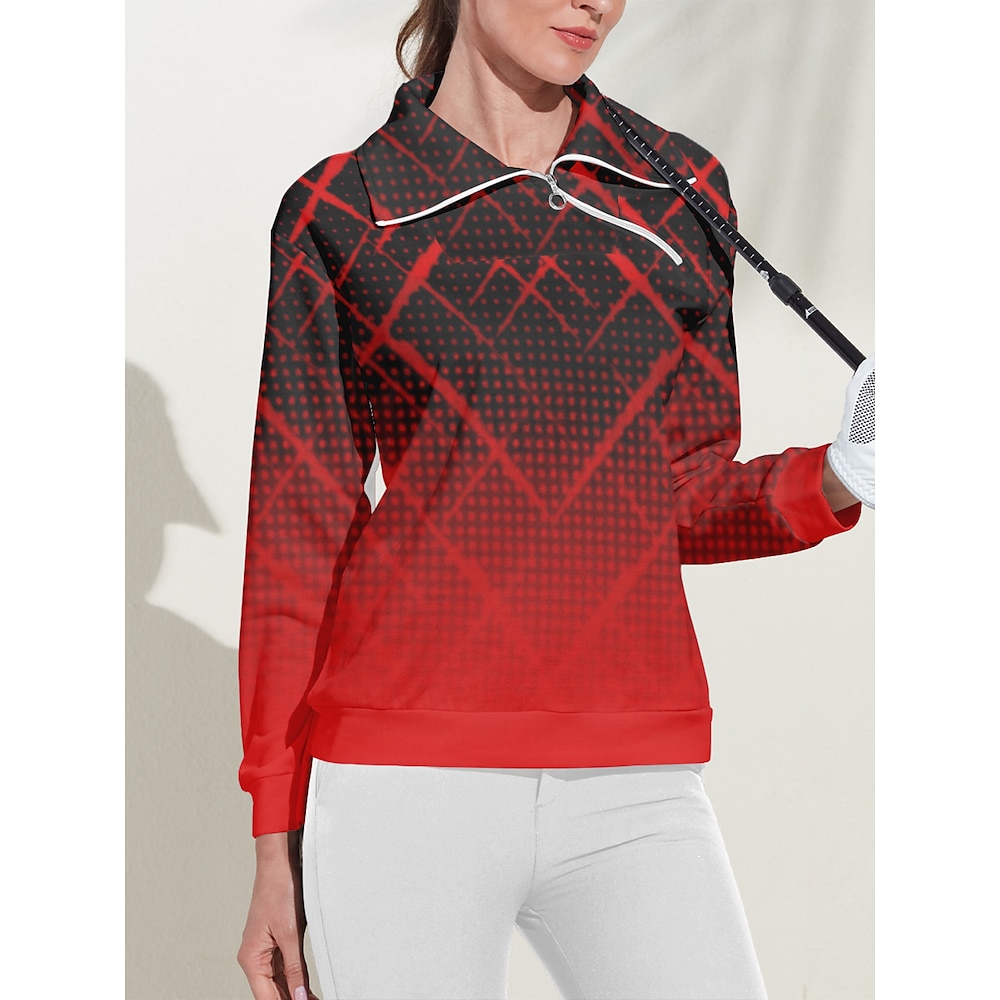 Damen Pullover Sweatshirt Rot Langarm warm Shirt Herbst Winter Damen-Golfkleidung, Kleidung, Outfits, Kleidung Lightinthebox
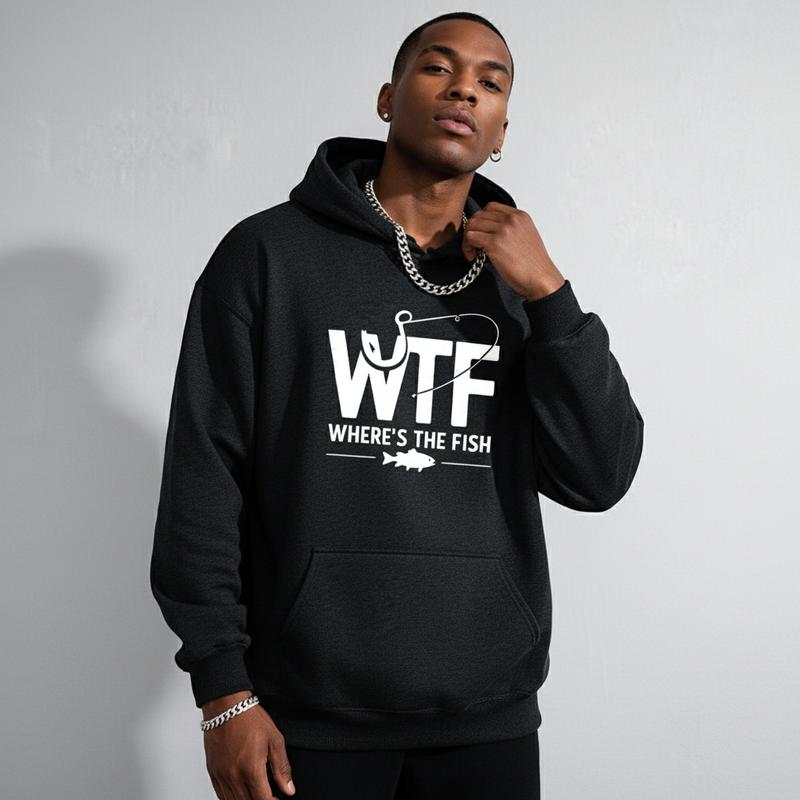 Men's funny fishing graphic Graphic Hoodie - Cotton Blend Long Sleeve Pullover Regular Fit | Soft & Breathable Fabric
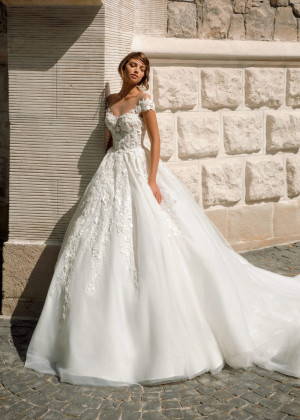 Cap Sleeves Beaded Ivory Lace Tulle Fairy Wedding Dress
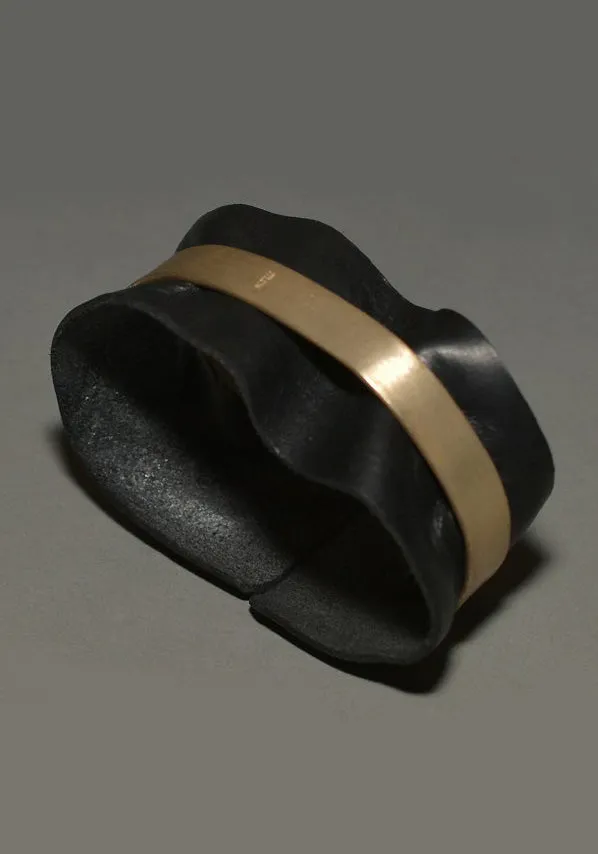 m.a  by Maurizio Amadei SILVER BAND CUFF WITH BLACK LEATHER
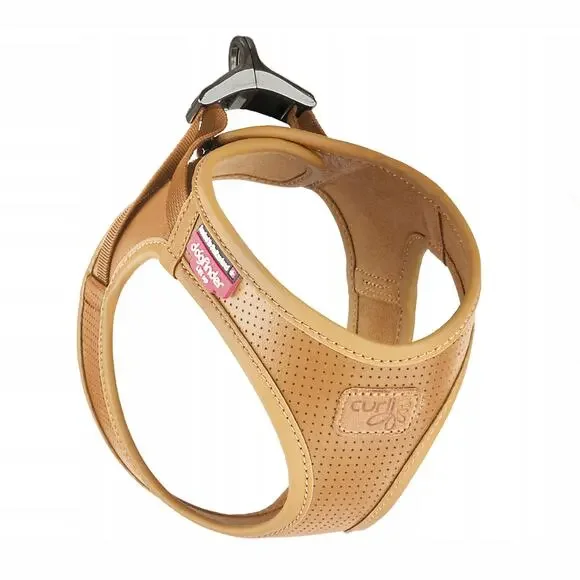 NEW!‎ Curli Vegan Apple Leather Clasp Dog Harness Brown LARGE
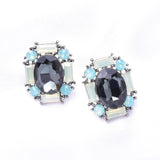 Classic Stud Oval Crystal Earring_17 colors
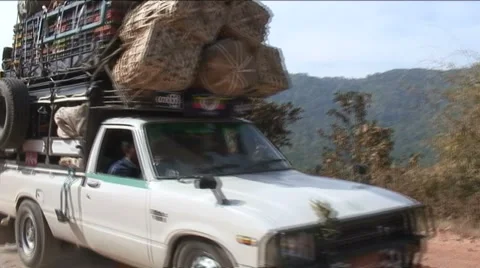 Overloaded car Stock Footage 4662444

## YOUR ASSIGNMENT
Every line of the material must be returned exactly; leave the images out.

## SOLUTION
 Damen Pullover Sweatshirt Rot Langarm warm Shirt Herbst Winter Damen-Golfkleidung, Kleidung, Outfits, Kleidung Lightinthebox
 Men's funny fishing graphic Graphic Hoodie - Cotton Blend Long Sleeve Pullover Regular Fit | Soft & Breathable Fabric
 Cap Sleeves Beaded Ivory Lace Tulle Fairy Wedding Dress
 m.a  by Maurizio Amadei SILVER BAND CUFF WITH BLACK LEATHER
 NEW!‎ Curli Vegan Apple Leather Clasp Dog Harness Brown LARGE
 Classic Stud Oval Crystal Earring_17 colors
 Overloaded car Stock Footage 4662444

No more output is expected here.